Sun Lan, Bai Yongyi, Zhao Rui, Sun Tao, Cao Ruihua, Wang Fuyu, He Guorong, Zhang Wen, Chen Ying, Ye Ping, Du Guanhua
From the State Key Laboratory of Bioactive Substances and Functions of Natural Medicines, Institute of Materia Medica, Chinese Academy of Medical Sciences and Peking Union Medical College, Beijing, China (L.S., R.Z., G.H., W.Z., Y.C., G.D.); Beijing Key Laboratory of Drug Targets Identification and Drug Screening, Beijing, China (L.S., R.Z., G.H., W.Z., Y.C., G.D.); Department of Geriatric Cardiology, Chinese PLA General Hospital, Beijing, China (Y.B., R.C., P.Y.); Department of Cardiology, Huashan Hospital, Fudan University, Shanghai, China (T.S.); and Department of Neurosurgery, PLA General Hospital, Haidian District, Beijing, China (F.W.).
Arterioscler Thromb Vasc Biol. 2016 Jul;36(7):1386-97. doi: 10.1161/ATVBAHA.115.307412. Epub 2016 May 19.
Vascular smooth muscle cell (VSMC) phenotype change is a hallmark of vascular remodeling, which contributes to atherosclerotic diseases and can be regulated via microRNA-dependent mechanisms. We recently identified that asymmetrical dimethylarginine positively correlates to vascular remodeling-based diseases. We hypothesized that asymmetrical dimethylarginine induces smooth muscle cell (SMC) phenotypic change via a microRNA-dependent mechanism.

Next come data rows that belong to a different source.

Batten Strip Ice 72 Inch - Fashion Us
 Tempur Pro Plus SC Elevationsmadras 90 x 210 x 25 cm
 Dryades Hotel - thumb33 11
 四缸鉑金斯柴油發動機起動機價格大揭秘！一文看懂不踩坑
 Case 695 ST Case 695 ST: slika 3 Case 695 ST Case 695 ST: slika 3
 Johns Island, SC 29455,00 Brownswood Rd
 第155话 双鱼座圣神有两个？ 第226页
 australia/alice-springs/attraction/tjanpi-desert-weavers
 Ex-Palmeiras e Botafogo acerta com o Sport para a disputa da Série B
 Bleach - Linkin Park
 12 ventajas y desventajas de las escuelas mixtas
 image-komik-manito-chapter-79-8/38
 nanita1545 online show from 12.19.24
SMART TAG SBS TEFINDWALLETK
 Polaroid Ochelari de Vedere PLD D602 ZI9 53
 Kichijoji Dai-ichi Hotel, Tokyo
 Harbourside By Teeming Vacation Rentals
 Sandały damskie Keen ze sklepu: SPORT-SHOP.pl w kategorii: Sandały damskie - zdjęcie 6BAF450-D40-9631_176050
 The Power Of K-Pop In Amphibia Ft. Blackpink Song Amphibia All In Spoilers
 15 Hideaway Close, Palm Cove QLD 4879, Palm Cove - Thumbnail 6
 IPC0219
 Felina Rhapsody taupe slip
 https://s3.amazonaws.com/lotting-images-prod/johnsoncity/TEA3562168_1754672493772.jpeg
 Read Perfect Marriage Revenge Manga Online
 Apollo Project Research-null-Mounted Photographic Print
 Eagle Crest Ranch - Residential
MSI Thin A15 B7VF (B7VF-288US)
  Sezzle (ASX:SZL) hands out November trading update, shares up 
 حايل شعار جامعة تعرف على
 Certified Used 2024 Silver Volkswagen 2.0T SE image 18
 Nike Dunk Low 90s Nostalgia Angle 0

Microarray analysis enabled the identification of downregulation of miR-182-3p in asymmetrical dimethylarginine-treated human aortic artery SMCs. The myeloid-associated differentiation marker (MYADM) was identified as the downstream target of miR-182-3p and implicated to contribute to miR-182-3p knockdown-mediated SMC phenotype change, which was evidenced by the increased proliferation and migration and reduced expression levels of phenotype-related genes in human aortic artery SMCs through the ERK/MAP (extracellular signal-regulated kinase/mitogen-activated protein) kinase-dependent mechanism. When inhibiting MYADM in the presence of miR-182-3p inhibitor or overexpressing MYADM in the presence of pre-miR-182-3p, human aortic artery SMCs were reversed to the differentiation phenotype. In vivo, adeno-miR-182-3p markedly suppressed carotid neointimal formation by using balloon-injured rat carotid artery model, specifically via decreased MYADM expression, whereas adeno-miR-182-3p inhibitor significantly promoted neointimal formation. Atherosclerotic lesions from patients with high asymmetrical dimethylarginine plasma levels exhibited decreased miR-182-3p expression levels and elevated MYADM expression levels.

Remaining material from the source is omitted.